-- Records provided --
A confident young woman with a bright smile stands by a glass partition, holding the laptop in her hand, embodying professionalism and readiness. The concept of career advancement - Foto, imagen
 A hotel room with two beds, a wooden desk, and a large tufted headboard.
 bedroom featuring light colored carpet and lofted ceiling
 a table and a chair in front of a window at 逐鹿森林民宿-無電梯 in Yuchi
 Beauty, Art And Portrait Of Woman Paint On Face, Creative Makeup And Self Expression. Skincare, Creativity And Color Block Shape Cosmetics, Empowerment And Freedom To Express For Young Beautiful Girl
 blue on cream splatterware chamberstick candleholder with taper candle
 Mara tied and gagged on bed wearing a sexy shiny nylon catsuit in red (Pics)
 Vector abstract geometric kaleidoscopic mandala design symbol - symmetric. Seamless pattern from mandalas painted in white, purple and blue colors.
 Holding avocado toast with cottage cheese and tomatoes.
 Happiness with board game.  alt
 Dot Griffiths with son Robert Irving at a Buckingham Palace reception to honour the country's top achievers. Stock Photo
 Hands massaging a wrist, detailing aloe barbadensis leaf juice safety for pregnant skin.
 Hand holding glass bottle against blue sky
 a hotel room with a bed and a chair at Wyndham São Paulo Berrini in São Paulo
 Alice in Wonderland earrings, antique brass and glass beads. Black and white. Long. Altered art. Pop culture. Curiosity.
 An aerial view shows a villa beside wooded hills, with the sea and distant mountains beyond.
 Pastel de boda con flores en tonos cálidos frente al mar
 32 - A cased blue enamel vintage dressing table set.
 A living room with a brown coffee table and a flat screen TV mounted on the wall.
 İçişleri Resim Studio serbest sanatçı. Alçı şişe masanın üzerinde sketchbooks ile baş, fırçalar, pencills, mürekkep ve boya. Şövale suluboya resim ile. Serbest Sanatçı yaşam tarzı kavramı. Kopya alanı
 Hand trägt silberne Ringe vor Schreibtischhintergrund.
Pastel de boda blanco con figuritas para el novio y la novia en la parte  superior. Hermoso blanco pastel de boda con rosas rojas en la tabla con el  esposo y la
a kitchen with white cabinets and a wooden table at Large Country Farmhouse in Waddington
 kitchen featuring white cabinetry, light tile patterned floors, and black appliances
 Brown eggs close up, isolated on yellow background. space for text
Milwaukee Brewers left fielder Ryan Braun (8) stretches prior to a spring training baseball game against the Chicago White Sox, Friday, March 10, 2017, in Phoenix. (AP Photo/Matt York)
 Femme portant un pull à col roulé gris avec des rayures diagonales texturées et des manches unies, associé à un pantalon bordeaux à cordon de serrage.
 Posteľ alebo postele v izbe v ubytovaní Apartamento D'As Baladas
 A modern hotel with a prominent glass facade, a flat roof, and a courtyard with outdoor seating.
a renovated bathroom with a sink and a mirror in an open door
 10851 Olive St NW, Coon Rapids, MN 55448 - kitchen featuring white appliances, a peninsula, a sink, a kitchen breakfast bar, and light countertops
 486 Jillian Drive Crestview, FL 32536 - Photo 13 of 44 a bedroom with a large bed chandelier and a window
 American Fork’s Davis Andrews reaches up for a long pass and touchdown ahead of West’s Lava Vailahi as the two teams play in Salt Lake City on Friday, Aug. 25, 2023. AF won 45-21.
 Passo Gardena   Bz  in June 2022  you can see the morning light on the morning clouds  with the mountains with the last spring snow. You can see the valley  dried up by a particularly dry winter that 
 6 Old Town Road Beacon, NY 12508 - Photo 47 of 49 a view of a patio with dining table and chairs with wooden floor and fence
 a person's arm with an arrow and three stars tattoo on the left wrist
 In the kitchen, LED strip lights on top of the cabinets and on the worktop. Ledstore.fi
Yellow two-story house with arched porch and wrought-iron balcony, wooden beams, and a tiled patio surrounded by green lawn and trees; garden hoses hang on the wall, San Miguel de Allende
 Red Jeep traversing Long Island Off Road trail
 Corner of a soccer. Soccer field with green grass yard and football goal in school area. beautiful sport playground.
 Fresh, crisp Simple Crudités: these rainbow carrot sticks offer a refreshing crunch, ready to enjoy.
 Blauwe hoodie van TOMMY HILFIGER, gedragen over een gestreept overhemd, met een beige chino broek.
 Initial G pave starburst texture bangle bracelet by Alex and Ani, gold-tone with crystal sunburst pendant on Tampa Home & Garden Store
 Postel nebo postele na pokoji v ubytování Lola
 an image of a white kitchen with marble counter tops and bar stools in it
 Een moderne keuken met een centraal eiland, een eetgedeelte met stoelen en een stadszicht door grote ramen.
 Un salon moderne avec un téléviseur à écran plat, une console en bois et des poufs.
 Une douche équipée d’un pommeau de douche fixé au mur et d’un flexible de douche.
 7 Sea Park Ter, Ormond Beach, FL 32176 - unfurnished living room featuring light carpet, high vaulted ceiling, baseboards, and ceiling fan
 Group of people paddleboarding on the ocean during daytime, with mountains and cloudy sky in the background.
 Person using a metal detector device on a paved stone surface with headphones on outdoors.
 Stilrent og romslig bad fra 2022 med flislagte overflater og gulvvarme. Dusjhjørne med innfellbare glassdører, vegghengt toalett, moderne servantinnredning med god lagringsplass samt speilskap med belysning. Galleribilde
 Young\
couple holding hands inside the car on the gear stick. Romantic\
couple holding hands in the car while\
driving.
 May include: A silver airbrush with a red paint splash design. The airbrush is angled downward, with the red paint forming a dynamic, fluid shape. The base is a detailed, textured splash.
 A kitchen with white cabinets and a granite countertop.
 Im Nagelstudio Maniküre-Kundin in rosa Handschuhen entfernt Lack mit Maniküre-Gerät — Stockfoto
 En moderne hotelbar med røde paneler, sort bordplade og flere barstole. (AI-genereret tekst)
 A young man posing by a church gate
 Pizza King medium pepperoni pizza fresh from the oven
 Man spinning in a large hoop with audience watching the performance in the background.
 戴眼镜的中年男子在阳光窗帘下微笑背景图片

-- About this exercise --
Your answer must be the complete data, repeated word for word.

-- Response --
A confident young woman with a bright smile stands by a glass partition, holding the laptop in her hand, embodying professionalism and readiness. The concept of career advancement - Foto, imagen
 A hotel room with two beds, a wooden desk, and a large tufted headboard.
 bedroom featuring light colored carpet and lofted ceiling
 a table and a chair in front of a window at 逐鹿森林民宿-無電梯 in Yuchi
 Beauty, Art And Portrait Of Woman Paint On Face, Creative Makeup And Self Expression. Skincare, Creativity And Color Block Shape Cosmetics, Empowerment And Freedom To Express For Young Beautiful Girl
 blue on cream splatterware chamberstick candleholder with taper candle
 Mara tied and gagged on bed wearing a sexy shiny nylon catsuit in red (Pics)
 Vector abstract geometric kaleidoscopic mandala design symbol - symmetric. Seamless pattern from mandalas painted in white, purple and blue colors.
 Holding avocado toast with cottage cheese and tomatoes.
 Happiness with board game.  alt
 Dot Griffiths with son Robert Irving at a Buckingham Palace reception to honour the country's top achievers. Stock Photo
 Hands massaging a wrist, detailing aloe barbadensis leaf juice safety for pregnant skin.
 Hand holding glass bottle against blue sky
 a hotel room with a bed and a chair at Wyndham São Paulo Berrini in São Paulo
 Alice in Wonderland earrings, antique brass and glass beads. Black and white. Long. Altered art. Pop culture. Curiosity.
 An aerial view shows a villa beside wooded hills, with the sea and distant mountains beyond.
 Pastel de boda con flores en tonos cálidos frente al mar
 32 - A cased blue enamel vintage dressing table set.
 A living room with a brown coffee table and a flat screen TV mounted on the wall.
 İçişleri Resim Studio serbest sanatçı. Alçı şişe masanın üzerinde sketchbooks ile baş, fırçalar, pencills, mürekkep ve boya. Şövale suluboya resim ile. Serbest Sanatçı yaşam tarzı kavramı. Kopya alanı
 Hand trägt silberne Ringe vor Schreibtischhintergrund.
Pastel de boda blanco con figuritas para el novio y la novia en la parte  superior. Hermoso blanco pastel de boda con rosas rojas en la tabla con el  esposo y la
a kitchen with white cabinets and a wooden table at Large Country Farmhouse in Waddington
 kitchen featuring white cabinetry, light tile patterned floors, and black appliances
 Brown eggs close up, isolated on yellow background. space for text
Milwaukee Brewers left fielder Ryan Braun (8) stretches prior to a spring training baseball game against the Chicago White Sox, Friday, March 10, 2017, in Phoenix. (AP Photo/Matt York)
 Femme portant un pull à col roulé gris avec des rayures diagonales texturées et des manches unies, associé à un pantalon bordeaux à cordon de serrage.
 Posteľ alebo postele v izbe v ubytovaní Apartamento D'As Baladas
 A modern hotel with a prominent glass facade, a flat roof, and a courtyard with outdoor seating.
a renovated bathroom with a sink and a mirror in an open door
 10851 Olive St NW, Coon Rapids, MN 55448 - kitchen featuring white appliances, a peninsula, a sink, a kitchen breakfast bar, and light countertops
 486 Jillian Drive Crestview, FL 32536 - Photo 13 of 44 a bedroom with a large bed chandelier and a window
 American Fork’s Davis Andrews reaches up for a long pass and touchdown ahead of West’s Lava Vailahi as the two teams play in Salt Lake City on Friday, Aug. 25, 2023. AF won 45-21.
 Passo Gardena   Bz  in June 2022  you can see the morning light on the morning clouds  with the mountains with the last spring snow. You can see the valley  dried up by a particularly dry winter that 
 6 Old Town Road Beacon, NY 12508 - Photo 47 of 49 a view of a patio with dining table and chairs with wooden floor and fence
 a person's arm with an arrow and three stars tattoo on the left wrist
 In the kitchen, LED strip lights on top of the cabinets and on the worktop. Ledstore.fi
Yellow two-story house with arched porch and wrought-iron balcony, wooden beams, and a tiled patio surrounded by green lawn and trees; garden hoses hang on the wall, San Miguel de Allende
 Red Jeep traversing Long Island Off Road trail
 Corner of a soccer. Soccer field with green grass yard and football goal in school area. beautiful sport playground.
 Fresh, crisp Simple Crudités: these rainbow carrot sticks offer a refreshing crunch, ready to enjoy.
 Blauwe hoodie van TOMMY HILFIGER, gedragen over een gestreept overhemd, met een beige chino broek.
 Initial G pave starburst texture bangle bracelet by Alex and Ani, gold-tone with crystal sunburst pendant on Tampa Home & Garden Store
 Postel nebo postele na pokoji v ubytování Lola
 an image of a white kitchen with marble counter tops and bar stools in it
 Een moderne keuken met een centraal eiland, een eetgedeelte met stoelen en een stadszicht door grote ramen.
 Un salon moderne avec un téléviseur à écran plat, une console en bois et des poufs.
 Une douche équipée d’un pommeau de douche fixé au mur et d’un flexible de douche.
 7 Sea Park Ter, Ormond Beach, FL 32176 - unfurnished living room featuring light carpet, high vaulted ceiling, baseboards, and ceiling fan
 Group of people paddleboarding on the ocean during daytime, with mountains and cloudy sky in the background.
 Person using a metal detector device on a paved stone surface with headphones on outdoors.
 Stilrent og romslig bad fra 2022 med flislagte overflater og gulvvarme. Dusjhjørne med innfellbare glassdører, vegghengt toalett, moderne servantinnredning med god lagringsplass samt speilskap med belysning. Galleribilde
 Young\
couple holding hands inside the car on the gear stick. Romantic\
couple holding hands in the car while\
driving.
 May include: A silver airbrush with a red paint splash design. The airbrush is angled downward, with the red paint forming a dynamic, fluid shape. The base is a detailed, textured splash.
 A kitchen with white cabinets and a granite countertop.
 Im Nagelstudio Maniküre-Kundin in rosa Handschuhen entfernt Lack mit Maniküre-Gerät — Stockfoto
 En moderne hotelbar med røde paneler, sort bordplade og flere barstole. (AI-genereret tekst)
 A young man posing by a church gate
 Pizza King medium pepperoni pizza fresh from the oven
 Man spinning in a large hoop with audience watching the performance in the background.
 戴眼镜的中年男子在阳光窗帘下微笑背景图片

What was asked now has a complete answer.